* MATERIAL FOR THIS EXERCISE
▬▬▬▬▬▬

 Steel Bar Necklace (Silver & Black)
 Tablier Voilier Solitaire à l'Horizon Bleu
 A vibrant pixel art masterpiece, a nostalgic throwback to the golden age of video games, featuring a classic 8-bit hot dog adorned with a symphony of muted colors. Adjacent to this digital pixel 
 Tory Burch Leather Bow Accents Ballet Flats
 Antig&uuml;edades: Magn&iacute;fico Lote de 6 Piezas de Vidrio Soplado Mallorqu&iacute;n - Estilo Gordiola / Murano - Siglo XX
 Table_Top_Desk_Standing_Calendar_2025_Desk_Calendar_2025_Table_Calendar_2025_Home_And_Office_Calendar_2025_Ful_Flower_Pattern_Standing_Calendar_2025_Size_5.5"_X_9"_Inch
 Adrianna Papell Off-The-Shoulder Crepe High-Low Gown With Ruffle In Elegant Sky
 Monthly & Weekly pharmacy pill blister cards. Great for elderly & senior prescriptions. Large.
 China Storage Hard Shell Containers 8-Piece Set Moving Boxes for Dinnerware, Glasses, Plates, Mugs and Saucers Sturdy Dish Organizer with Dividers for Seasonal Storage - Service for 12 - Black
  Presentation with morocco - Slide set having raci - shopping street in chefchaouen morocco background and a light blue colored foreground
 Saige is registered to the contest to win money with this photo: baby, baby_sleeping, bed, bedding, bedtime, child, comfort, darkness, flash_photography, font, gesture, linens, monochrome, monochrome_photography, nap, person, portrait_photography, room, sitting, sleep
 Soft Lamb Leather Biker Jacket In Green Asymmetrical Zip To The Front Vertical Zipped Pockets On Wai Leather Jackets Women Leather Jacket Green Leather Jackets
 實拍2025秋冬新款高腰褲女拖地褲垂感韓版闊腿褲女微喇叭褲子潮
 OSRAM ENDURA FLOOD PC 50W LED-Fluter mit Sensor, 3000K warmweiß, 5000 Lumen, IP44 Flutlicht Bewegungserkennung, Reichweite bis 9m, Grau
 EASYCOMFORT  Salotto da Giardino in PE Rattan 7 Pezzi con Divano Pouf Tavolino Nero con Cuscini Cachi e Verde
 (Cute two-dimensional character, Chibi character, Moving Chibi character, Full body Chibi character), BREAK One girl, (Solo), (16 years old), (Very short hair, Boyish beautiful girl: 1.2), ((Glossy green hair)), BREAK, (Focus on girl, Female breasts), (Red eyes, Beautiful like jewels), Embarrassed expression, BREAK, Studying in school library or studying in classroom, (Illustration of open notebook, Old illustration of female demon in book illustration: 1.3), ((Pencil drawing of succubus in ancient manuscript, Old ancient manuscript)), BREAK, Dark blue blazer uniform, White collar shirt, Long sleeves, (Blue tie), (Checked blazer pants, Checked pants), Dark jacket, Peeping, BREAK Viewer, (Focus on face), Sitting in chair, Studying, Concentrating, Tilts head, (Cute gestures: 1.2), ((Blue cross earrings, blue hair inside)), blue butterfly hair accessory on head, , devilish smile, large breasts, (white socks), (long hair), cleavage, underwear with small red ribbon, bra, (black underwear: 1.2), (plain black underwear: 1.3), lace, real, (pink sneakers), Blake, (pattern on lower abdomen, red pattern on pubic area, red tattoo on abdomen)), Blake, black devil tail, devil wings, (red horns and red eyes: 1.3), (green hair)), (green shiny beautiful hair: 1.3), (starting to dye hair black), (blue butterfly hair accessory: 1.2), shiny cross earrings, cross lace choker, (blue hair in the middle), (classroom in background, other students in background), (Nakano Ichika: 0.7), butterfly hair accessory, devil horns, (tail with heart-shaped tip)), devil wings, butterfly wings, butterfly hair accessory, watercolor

▬▬▬▬▬▬

* WHAT YOU HAVE TO DO
Above this task is a listing. Restate, word for word and with nothing added, the lines from the one with "China Storage Hard" through the one with "Presentation with morocco".

* SOLUTION
 China Storage Hard Shell Containers 8-Piece Set Moving Boxes for Dinnerware, Glasses, Plates, Mugs and Saucers Sturdy Dish Organizer with Dividers for Seasonal Storage - Service for 12 - Black
  Presentation with morocco - Slide set having raci - shopping street in chefchaouen morocco background and a light blue colored foreground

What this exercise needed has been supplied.